_Task requirements:_ Using the listing below, copy exactly each line from the one that has "TRAVEL BAG CHARM" through the one that has "1954 Press Photo"; omit the pictures.

==== Exercise input ====

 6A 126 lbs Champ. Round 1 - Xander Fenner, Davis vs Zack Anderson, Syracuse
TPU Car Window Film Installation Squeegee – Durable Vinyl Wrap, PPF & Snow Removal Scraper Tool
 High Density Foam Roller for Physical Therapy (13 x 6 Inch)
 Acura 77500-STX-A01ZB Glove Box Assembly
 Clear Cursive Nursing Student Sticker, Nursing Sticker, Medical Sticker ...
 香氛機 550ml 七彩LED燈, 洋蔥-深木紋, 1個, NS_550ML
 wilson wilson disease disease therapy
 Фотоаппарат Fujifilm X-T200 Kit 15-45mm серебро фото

====
==== Exercise input ====

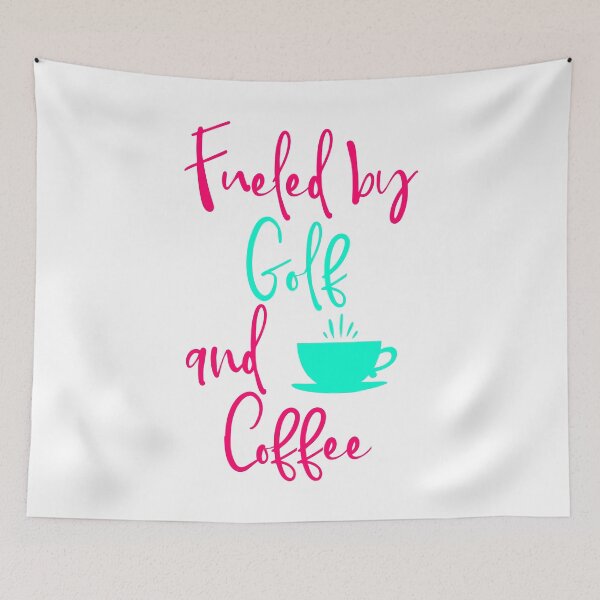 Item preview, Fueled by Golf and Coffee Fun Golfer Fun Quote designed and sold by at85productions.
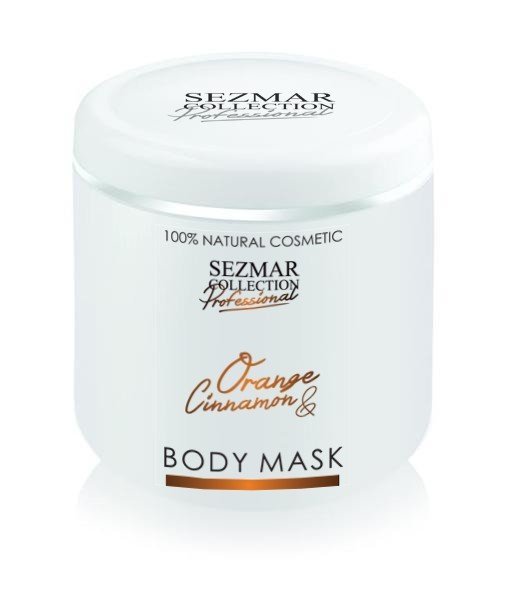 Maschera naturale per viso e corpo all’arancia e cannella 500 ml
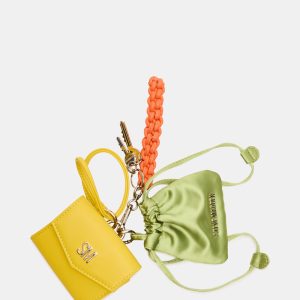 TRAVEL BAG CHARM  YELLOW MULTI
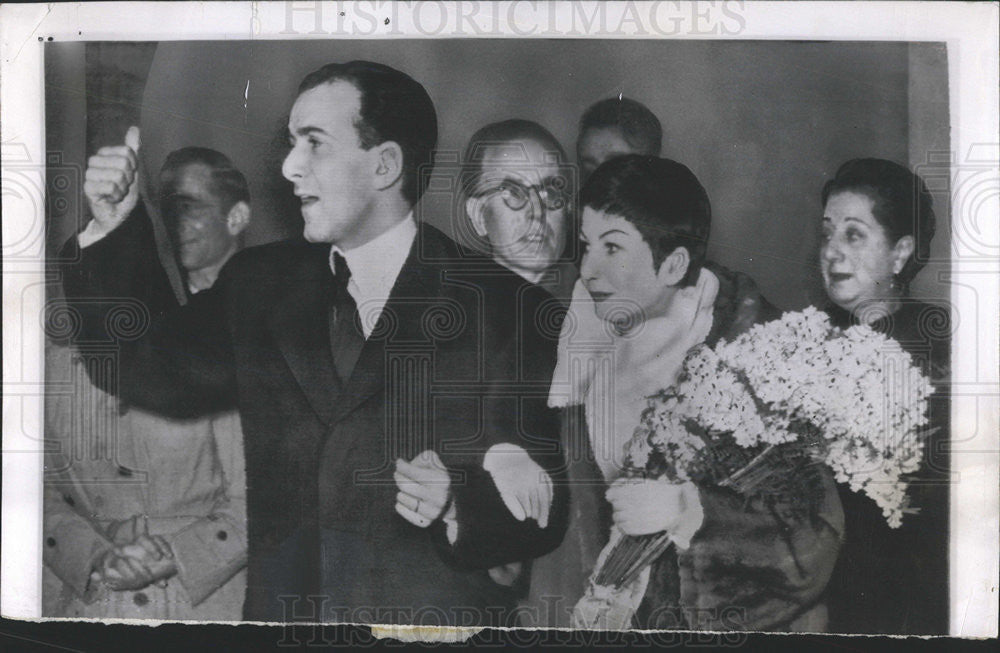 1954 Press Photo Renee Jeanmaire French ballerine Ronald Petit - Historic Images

====

_Response area:_
 TRAVEL BAG CHARM  YELLOW MULTI
 1954 Press Photo Renee Jeanmaire French ballerine Ronald Petit - Historic Images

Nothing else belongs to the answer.